Captioned web images:

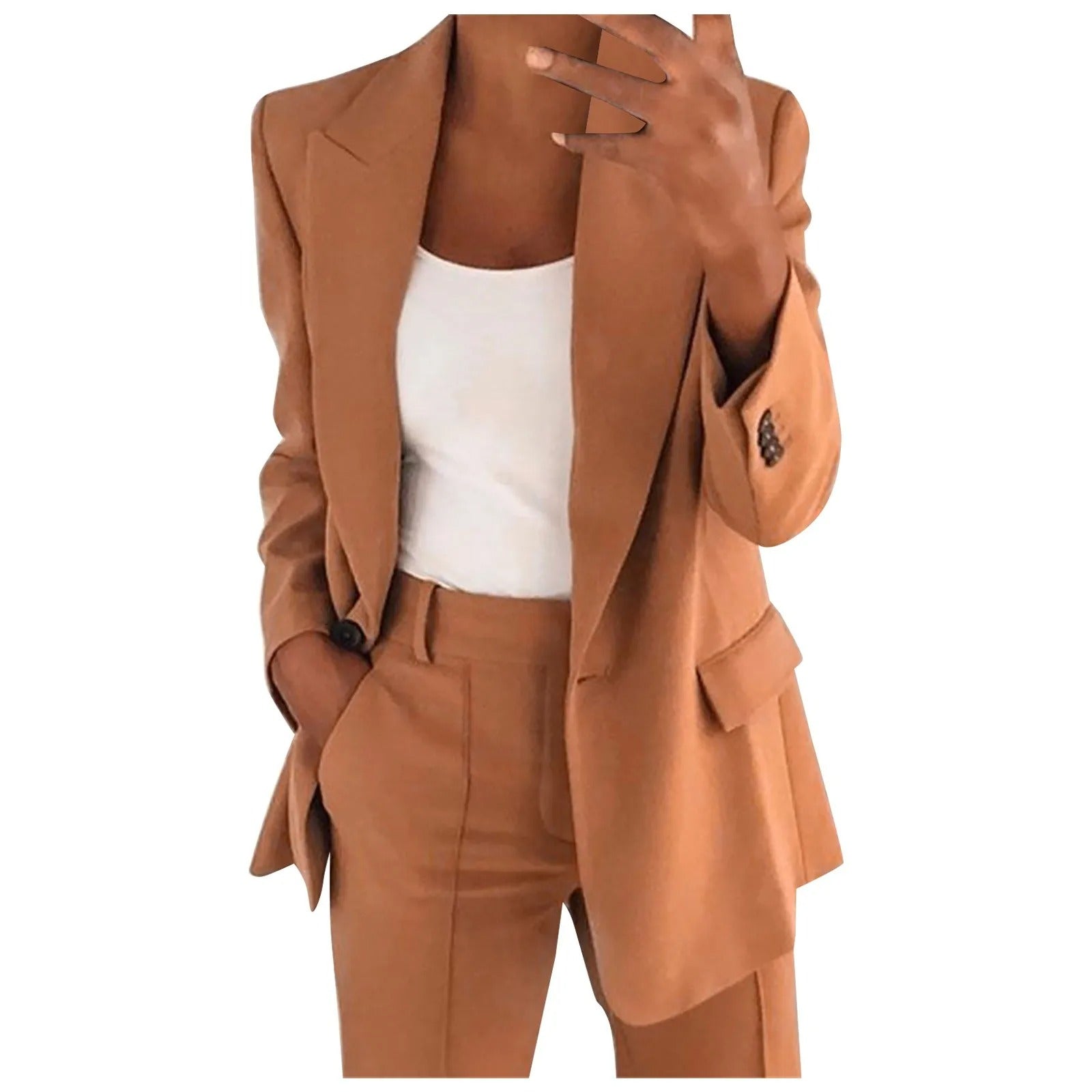 GR | Women's suit with blue jacket and plain trousers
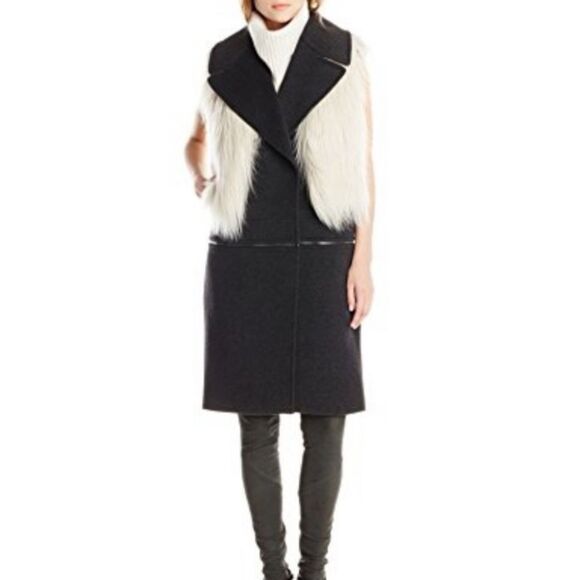 Elie Tahari Gray Willa Wool Convertible Vest in Dark Gray - Picture 13 of 13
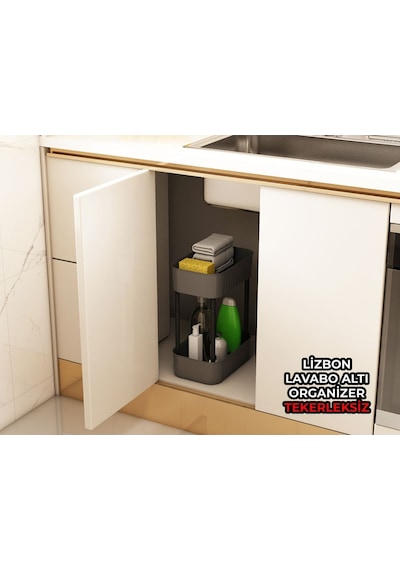 Lizbon Çok Amaçlı 2 Katlı Banyo Organizer Düzenleyici Dolap Içi Tezgah Altı Tekerleksiz Organizer Gri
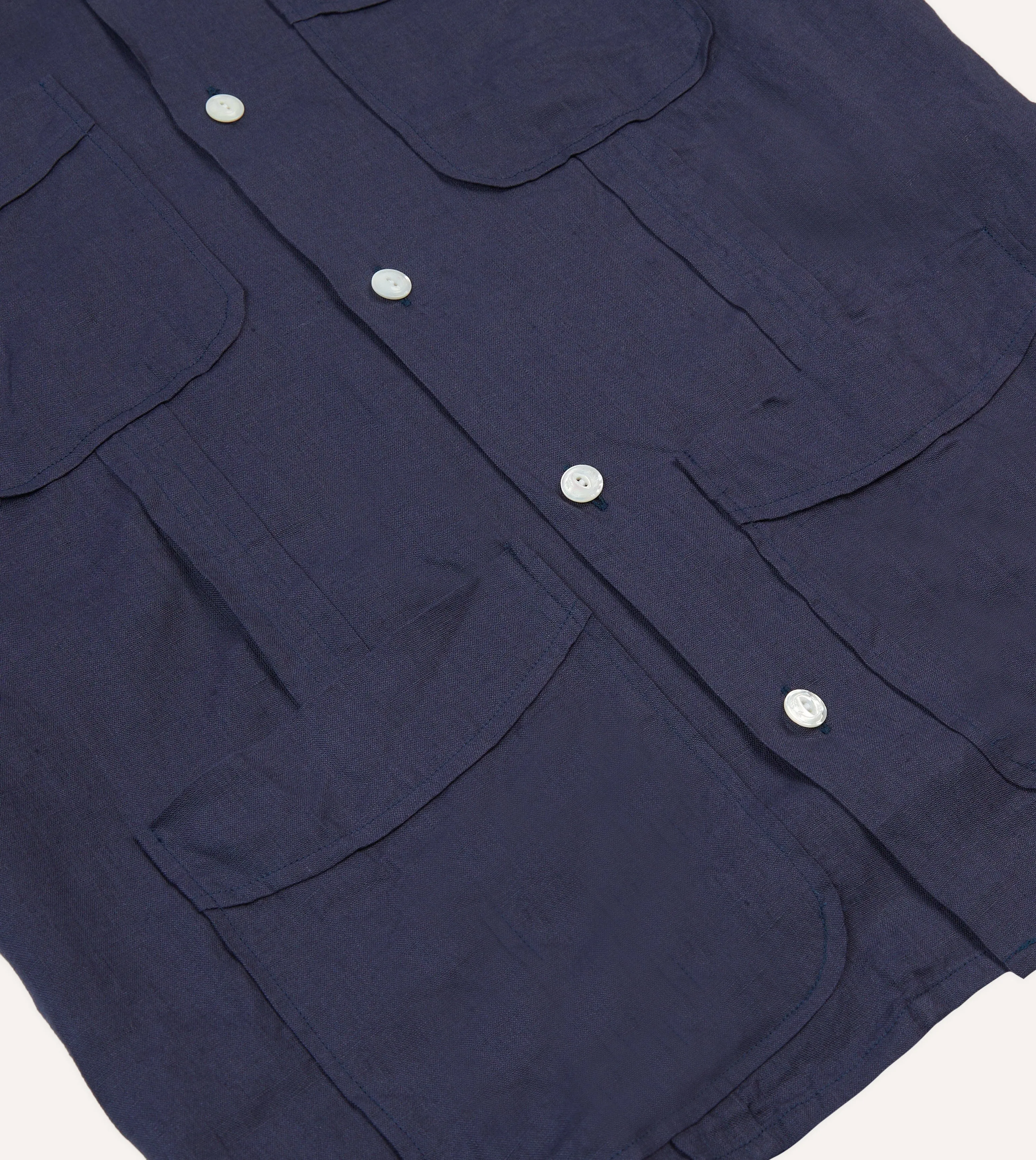 Comfort Wear Navy Linen Short Sleeve Cuban Shirt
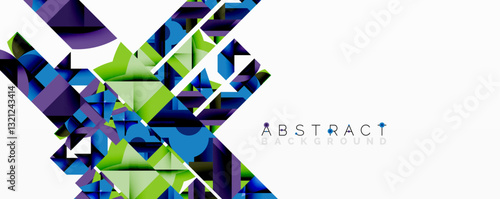 Abstract geometric artwork with interwoven angular and curved shapes, dynamic composition with smooth gradients and bold contrasts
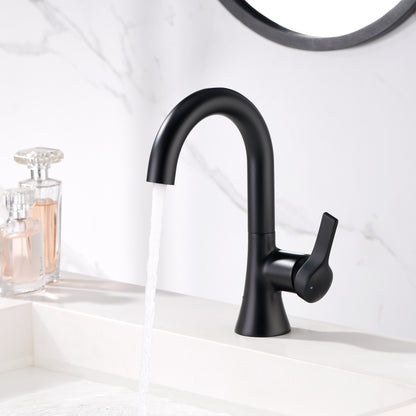 Reesley BSH11-SM Single Hole Single-Handle Bathroom Faucet with drain in Matte Black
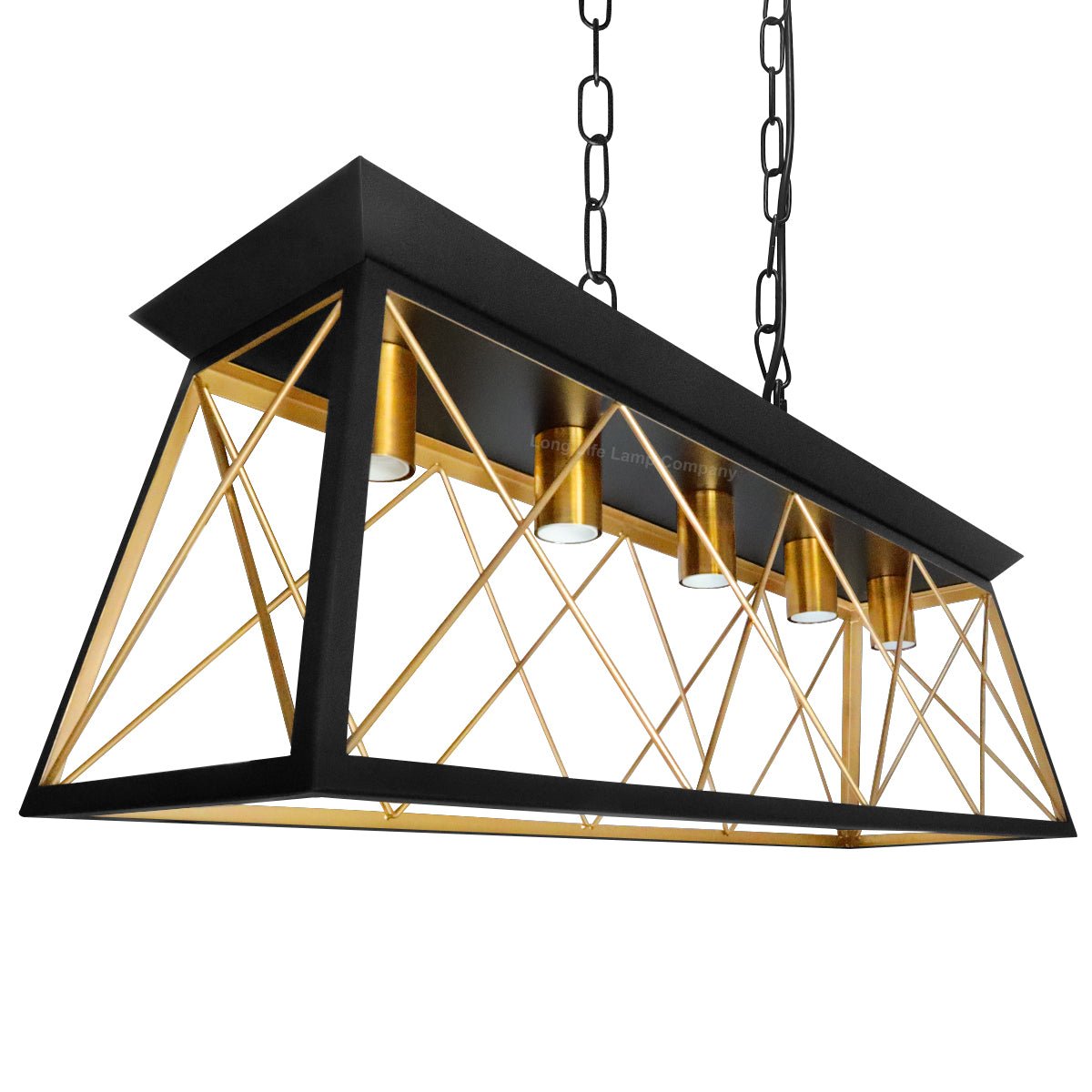Large Vintage Black Hanging Ceiling Lantern Cage 5 Fitting Brass Pendant Light - Energy Light Bulbs - Free delivery on all orders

Your task:
Only the lines from the start of the records to the one containing "Abstract geometric artwork" should be repeated, exactly and with both ends kept; drop any pictures.

Solution below:
 GR | Women's suit with blue jacket and plain trousers
 Elie Tahari Gray Willa Wool Convertible Vest in Dark Gray - Picture 13 of 13
 Lizbon Çok Amaçlı 2 Katlı Banyo Organizer Düzenleyici Dolap Içi Tezgah Altı Tekerleksiz Organizer Gri
 Comfort Wear Navy Linen Short Sleeve Cuban Shirt
 Abstract geometric artwork with interwoven angular and curved shapes, dynamic composition with smooth gradients and bold contrasts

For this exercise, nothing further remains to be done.